*** Opening of Extracted material ***

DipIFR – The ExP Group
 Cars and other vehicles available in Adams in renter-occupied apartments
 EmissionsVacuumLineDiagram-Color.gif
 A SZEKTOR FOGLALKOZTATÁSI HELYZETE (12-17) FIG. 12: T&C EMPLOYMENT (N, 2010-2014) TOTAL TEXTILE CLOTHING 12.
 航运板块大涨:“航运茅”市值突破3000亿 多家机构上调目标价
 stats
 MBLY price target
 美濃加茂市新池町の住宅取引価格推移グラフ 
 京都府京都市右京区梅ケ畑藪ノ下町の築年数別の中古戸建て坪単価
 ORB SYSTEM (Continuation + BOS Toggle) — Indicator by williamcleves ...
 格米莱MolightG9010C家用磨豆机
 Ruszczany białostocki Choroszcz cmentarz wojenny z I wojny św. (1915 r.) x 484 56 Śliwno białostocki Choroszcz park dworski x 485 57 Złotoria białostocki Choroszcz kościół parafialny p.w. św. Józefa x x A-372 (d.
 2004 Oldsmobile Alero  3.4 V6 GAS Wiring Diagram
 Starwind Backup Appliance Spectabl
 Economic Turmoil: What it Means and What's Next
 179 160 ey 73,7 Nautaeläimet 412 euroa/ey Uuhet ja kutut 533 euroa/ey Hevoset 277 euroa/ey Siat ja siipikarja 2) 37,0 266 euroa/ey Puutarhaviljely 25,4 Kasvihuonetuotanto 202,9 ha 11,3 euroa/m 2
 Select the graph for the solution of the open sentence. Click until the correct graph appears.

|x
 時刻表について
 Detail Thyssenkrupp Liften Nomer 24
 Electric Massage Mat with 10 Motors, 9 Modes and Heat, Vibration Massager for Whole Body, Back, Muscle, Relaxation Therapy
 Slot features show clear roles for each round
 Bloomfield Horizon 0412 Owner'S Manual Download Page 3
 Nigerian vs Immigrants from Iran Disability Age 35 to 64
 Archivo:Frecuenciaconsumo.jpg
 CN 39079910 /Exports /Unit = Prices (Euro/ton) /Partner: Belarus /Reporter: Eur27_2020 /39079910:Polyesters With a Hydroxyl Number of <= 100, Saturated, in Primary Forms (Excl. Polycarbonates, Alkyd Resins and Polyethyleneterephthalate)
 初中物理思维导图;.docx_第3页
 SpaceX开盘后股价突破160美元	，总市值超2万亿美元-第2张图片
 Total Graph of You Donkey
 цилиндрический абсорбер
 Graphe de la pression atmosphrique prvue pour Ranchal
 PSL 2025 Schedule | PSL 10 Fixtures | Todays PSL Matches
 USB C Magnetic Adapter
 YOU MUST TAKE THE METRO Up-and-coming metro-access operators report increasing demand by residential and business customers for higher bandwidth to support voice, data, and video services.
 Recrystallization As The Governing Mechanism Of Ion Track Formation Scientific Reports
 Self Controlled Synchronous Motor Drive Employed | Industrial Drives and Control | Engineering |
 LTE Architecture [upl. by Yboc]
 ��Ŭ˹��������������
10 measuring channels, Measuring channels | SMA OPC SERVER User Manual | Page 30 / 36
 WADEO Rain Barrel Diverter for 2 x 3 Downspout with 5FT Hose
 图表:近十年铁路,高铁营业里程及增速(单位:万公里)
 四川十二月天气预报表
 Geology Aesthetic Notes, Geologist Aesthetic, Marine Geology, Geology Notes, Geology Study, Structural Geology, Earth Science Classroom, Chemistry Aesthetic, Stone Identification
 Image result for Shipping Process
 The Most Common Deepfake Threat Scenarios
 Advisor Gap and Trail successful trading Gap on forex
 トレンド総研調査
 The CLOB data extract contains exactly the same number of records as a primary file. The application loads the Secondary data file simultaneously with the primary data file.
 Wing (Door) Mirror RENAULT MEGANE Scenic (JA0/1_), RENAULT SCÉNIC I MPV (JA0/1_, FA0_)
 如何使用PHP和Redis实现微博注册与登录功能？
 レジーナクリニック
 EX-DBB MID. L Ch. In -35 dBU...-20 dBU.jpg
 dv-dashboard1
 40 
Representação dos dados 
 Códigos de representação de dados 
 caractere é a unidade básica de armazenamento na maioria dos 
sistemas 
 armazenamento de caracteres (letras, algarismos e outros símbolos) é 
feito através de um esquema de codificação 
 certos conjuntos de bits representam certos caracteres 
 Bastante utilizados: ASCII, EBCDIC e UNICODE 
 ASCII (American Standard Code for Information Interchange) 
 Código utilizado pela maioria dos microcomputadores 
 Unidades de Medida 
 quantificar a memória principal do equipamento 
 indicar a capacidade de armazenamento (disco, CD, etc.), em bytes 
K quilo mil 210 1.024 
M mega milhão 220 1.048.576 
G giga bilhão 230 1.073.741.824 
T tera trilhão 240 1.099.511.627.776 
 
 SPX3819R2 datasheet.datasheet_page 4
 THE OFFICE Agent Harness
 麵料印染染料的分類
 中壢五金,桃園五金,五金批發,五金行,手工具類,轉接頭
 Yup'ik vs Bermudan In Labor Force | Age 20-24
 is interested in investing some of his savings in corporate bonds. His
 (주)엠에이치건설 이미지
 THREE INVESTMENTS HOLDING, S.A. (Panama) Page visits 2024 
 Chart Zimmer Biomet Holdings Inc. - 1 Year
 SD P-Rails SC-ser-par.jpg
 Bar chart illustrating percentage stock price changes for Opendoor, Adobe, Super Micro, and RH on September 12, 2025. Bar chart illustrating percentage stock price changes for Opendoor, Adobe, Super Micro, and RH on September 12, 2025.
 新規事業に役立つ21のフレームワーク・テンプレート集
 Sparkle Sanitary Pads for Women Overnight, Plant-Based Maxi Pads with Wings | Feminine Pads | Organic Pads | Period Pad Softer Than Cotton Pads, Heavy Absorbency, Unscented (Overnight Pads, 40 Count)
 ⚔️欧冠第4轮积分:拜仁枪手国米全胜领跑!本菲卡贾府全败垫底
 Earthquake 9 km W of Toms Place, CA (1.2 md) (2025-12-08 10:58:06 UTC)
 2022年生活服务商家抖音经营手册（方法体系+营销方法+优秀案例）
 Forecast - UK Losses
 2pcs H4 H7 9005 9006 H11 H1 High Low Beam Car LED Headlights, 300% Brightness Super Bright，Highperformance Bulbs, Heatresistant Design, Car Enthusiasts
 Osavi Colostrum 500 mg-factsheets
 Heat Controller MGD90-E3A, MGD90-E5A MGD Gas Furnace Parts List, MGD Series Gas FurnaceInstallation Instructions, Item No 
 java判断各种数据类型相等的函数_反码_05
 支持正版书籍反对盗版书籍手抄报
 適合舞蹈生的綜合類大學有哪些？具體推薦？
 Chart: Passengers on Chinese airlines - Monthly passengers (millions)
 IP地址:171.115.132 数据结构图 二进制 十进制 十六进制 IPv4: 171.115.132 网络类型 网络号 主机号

*** Close of Extracted material ***

Exercise instructions
Word for word, repeat the records above.

The answer
DipIFR – The ExP Group
 Cars and other vehicles available in Adams in renter-occupied apartments
 EmissionsVacuumLineDiagram-Color.gif
 A SZEKTOR FOGLALKOZTATÁSI HELYZETE (12-17) FIG. 12: T&C EMPLOYMENT (N, 2010-2014) TOTAL TEXTILE CLOTHING 12.
 航运板块大涨:“航运茅”市值突破3000亿 多家机构上调目标价
 stats
 MBLY price target
 美濃加茂市新池町の住宅取引価格推移グラフ 
 京都府京都市右京区梅ケ畑藪ノ下町の築年数別の中古戸建て坪単価
 ORB SYSTEM (Continuation + BOS Toggle) — Indicator by williamcleves ...
 格米莱MolightG9010C家用磨豆机
 Ruszczany białostocki Choroszcz cmentarz wojenny z I wojny św. (1915 r.) x 484 56 Śliwno białostocki Choroszcz park dworski x 485 57 Złotoria białostocki Choroszcz kościół parafialny p.w. św. Józefa x x A-372 (d.
 2004 Oldsmobile Alero  3.4 V6 GAS Wiring Diagram
 Starwind Backup Appliance Spectabl
 Economic Turmoil: What it Means and What's Next
 179 160 ey 73,7 Nautaeläimet 412 euroa/ey Uuhet ja kutut 533 euroa/ey Hevoset 277 euroa/ey Siat ja siipikarja 2) 37,0 266 euroa/ey Puutarhaviljely 25,4 Kasvihuonetuotanto 202,9 ha 11,3 euroa/m 2
 Select the graph for the solution of the open sentence. Click until the correct graph appears.

|x
 時刻表について
 Detail Thyssenkrupp Liften Nomer 24
 Electric Massage Mat with 10 Motors, 9 Modes and Heat, Vibration Massager for Whole Body, Back, Muscle, Relaxation Therapy
 Slot features show clear roles for each round
 Bloomfield Horizon 0412 Owner'S Manual Download Page 3
 Nigerian vs Immigrants from Iran Disability Age 35 to 64
 Archivo:Frecuenciaconsumo.jpg
 CN 39079910 /Exports /Unit = Prices (Euro/ton) /Partner: Belarus /Reporter: Eur27_2020 /39079910:Polyesters With a Hydroxyl Number of <= 100, Saturated, in Primary Forms (Excl. Polycarbonates, Alkyd Resins and Polyethyleneterephthalate)
 初中物理思维导图;.docx_第3页
 SpaceX开盘后股价突破160美元	，总市值超2万亿美元-第2张图片
 Total Graph of You Donkey
 цилиндрический абсорбер
 Graphe de la pression atmosphrique prvue pour Ranchal
 PSL 2025 Schedule | PSL 10 Fixtures | Todays PSL Matches
 USB C Magnetic Adapter
 YOU MUST TAKE THE METRO Up-and-coming metro-access operators report increasing demand by residential and business customers for higher bandwidth to support voice, data, and video services.
 Recrystallization As The Governing Mechanism Of Ion Track Formation Scientific Reports
 Self Controlled Synchronous Motor Drive Employed | Industrial Drives and Control | Engineering |
 LTE Architecture [upl. by Yboc]
 ��Ŭ˹��������������
10 measuring channels, Measuring channels | SMA OPC SERVER User Manual | Page 30 / 36
 WADEO Rain Barrel Diverter for 2 x 3 Downspout with 5FT Hose
 图表:近十年铁路,高铁营业里程及增速(单位:万公里)
 四川十二月天气预报表
 Geology Aesthetic Notes, Geologist Aesthetic, Marine Geology, Geology Notes, Geology Study, Structural Geology, Earth Science Classroom, Chemistry Aesthetic, Stone Identification
 Image result for Shipping Process
 The Most Common Deepfake Threat Scenarios
 Advisor Gap and Trail successful trading Gap on forex
 トレンド総研調査
 The CLOB data extract contains exactly the same number of records as a primary file. The application loads the Secondary data file simultaneously with the primary data file.
 Wing (Door) Mirror RENAULT MEGANE Scenic (JA0/1_), RENAULT SCÉNIC I MPV (JA0/1_, FA0_)
 如何使用PHP和Redis实现微博注册与登录功能？
 レジーナクリニック
 EX-DBB MID. L Ch. In -35 dBU...-20 dBU.jpg
 dv-dashboard1
 40 
Representação dos dados 
 Códigos de representação de dados 
 caractere é a unidade básica de armazenamento na maioria dos 
sistemas 
 armazenamento de caracteres (letras, algarismos e outros símbolos) é 
feito através de um esquema de codificação 
 certos conjuntos de bits representam certos caracteres 
 Bastante utilizados: ASCII, EBCDIC e UNICODE 
 ASCII (American Standard Code for Information Interchange) 
 Código utilizado pela maioria dos microcomputadores 
 Unidades de Medida 
 quantificar a memória principal do equipamento 
 indicar a capacidade de armazenamento (disco, CD, etc.), em bytes 
K quilo mil 210 1.024 
M mega milhão 220 1.048.576 
G giga bilhão 230 1.073.741.824 
T tera trilhão 240 1.099.511.627.776 
 
 SPX3819R2 datasheet.datasheet_page 4
 THE OFFICE Agent Harness
 麵料印染染料的分類
 中壢五金,桃園五金,五金批發,五金行,手工具類,轉接頭
 Yup'ik vs Bermudan In Labor Force | Age 20-24
 is interested in investing some of his savings in corporate bonds. His
 (주)엠에이치건설 이미지
 THREE INVESTMENTS HOLDING, S.A. (Panama) Page visits 2024 
 Chart Zimmer Biomet Holdings Inc. - 1 Year
 SD P-Rails SC-ser-par.jpg
 Bar chart illustrating percentage stock price changes for Opendoor, Adobe, Super Micro, and RH on September 12, 2025. Bar chart illustrating percentage stock price changes for Opendoor, Adobe, Super Micro, and RH on September 12, 2025.
 新規事業に役立つ21のフレームワーク・テンプレート集
 Sparkle Sanitary Pads for Women Overnight, Plant-Based Maxi Pads with Wings | Feminine Pads | Organic Pads | Period Pad Softer Than Cotton Pads, Heavy Absorbency, Unscented (Overnight Pads, 40 Count)
 ⚔️欧冠第4轮积分:拜仁枪手国米全胜领跑!本菲卡贾府全败垫底
 Earthquake 9 km W of Toms Place, CA (1.2 md) (2025-12-08 10:58:06 UTC)
 2022年生活服务商家抖音经营手册（方法体系+营销方法+优秀案例）
 Forecast - UK Losses
 2pcs H4 H7 9005 9006 H11 H1 High Low Beam Car LED Headlights, 300% Brightness Super Bright，Highperformance Bulbs, Heatresistant Design, Car Enthusiasts
 Osavi Colostrum 500 mg-factsheets
 Heat Controller MGD90-E3A, MGD90-E5A MGD Gas Furnace Parts List, MGD Series Gas FurnaceInstallation Instructions, Item No 
 java判断各种数据类型相等的函数_反码_05
 支持正版书籍反对盗版书籍手抄报
 適合舞蹈生的綜合類大學有哪些？具體推薦？
 Chart: Passengers on Chinese airlines - Monthly passengers (millions)
 IP地址:171.115.132 数据结构图 二进制 十进制 十六进制 IPv4: 171.115.132 网络类型 网络号 主机号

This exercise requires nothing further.